A new exhibition at London’s Guildhall Art Gallery is offering a fascinating look into the first communications laid across the Atlantic Ocean, the 150th anniversary of which is being marked this year.
Victorians Decoded: Art and Telegraphy, which runs from 20 September 2016 to 22 January 2017, explores how cable telegraphy transformed people’s understanding of time, space and speed of communication. Never-before-seen paintings from the gallery’s collection and work by prominent Victorian artists will be on display, as well as rare artefacts such as code books, communication devices, samples of transatlantic telegraph cables and the Great Grammatizor, a specially-designed messaging machine that will enable the public to create a coded message of their own.
This collaboration between Guildhall Art Gallery, King’s College London, the Courtauld Institute of Art and the Institute of Making at University College London features painting by Edward John Poynter, Edwin Landseer, James Clarke Hook, William Logsdail, William Lionel Wyllie and James Tissot which registered a changing world. Four themed rooms – Distance, Resistance, Transmission and Coding – reveal the story of laying the heavy cables which weighed more than one imperial ton per kilometre across the Atlantic Ocean floor, from Valentia Island in Ireland to Newfoundland in Canada.

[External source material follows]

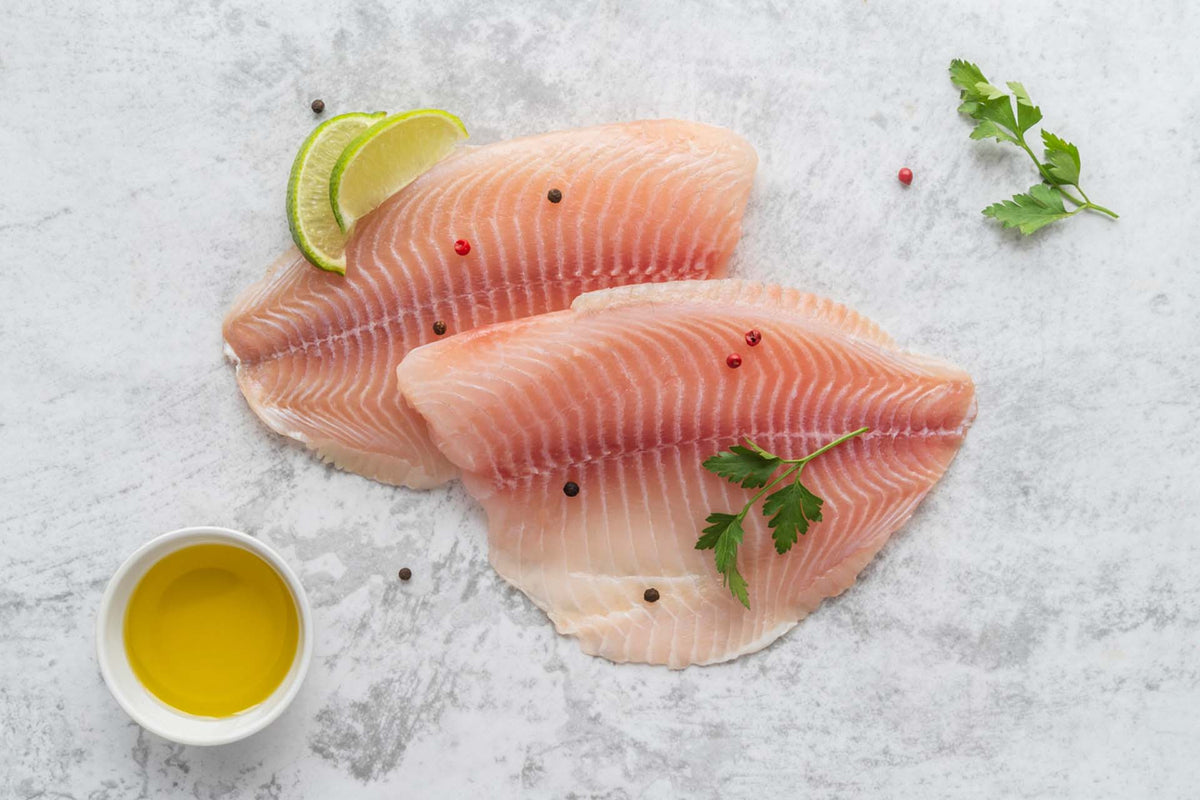 Top-down view of two raw tilapia fillets with pale pink flesh, lime wedges, parsley, and olive oil on a light stone surface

Vicky Carroll, head of the City of London Corporation’s Guildhall Art Gallery, said: “Thousands of miles of cable laid beneath the ocean sped up communication in a way that few people – not least, artists – could have ever imagined, forcing them to re-evaluate distance and time. There is no doubt that telegraphy transformed people’s lives, and Victorians Decoded will aim to convey their sense of excitement and wonder by using art works drawn from significant collections.”
The exhibition runs from 20 September 2016 to 22 January 2017 at the Guildhall Art Gallery.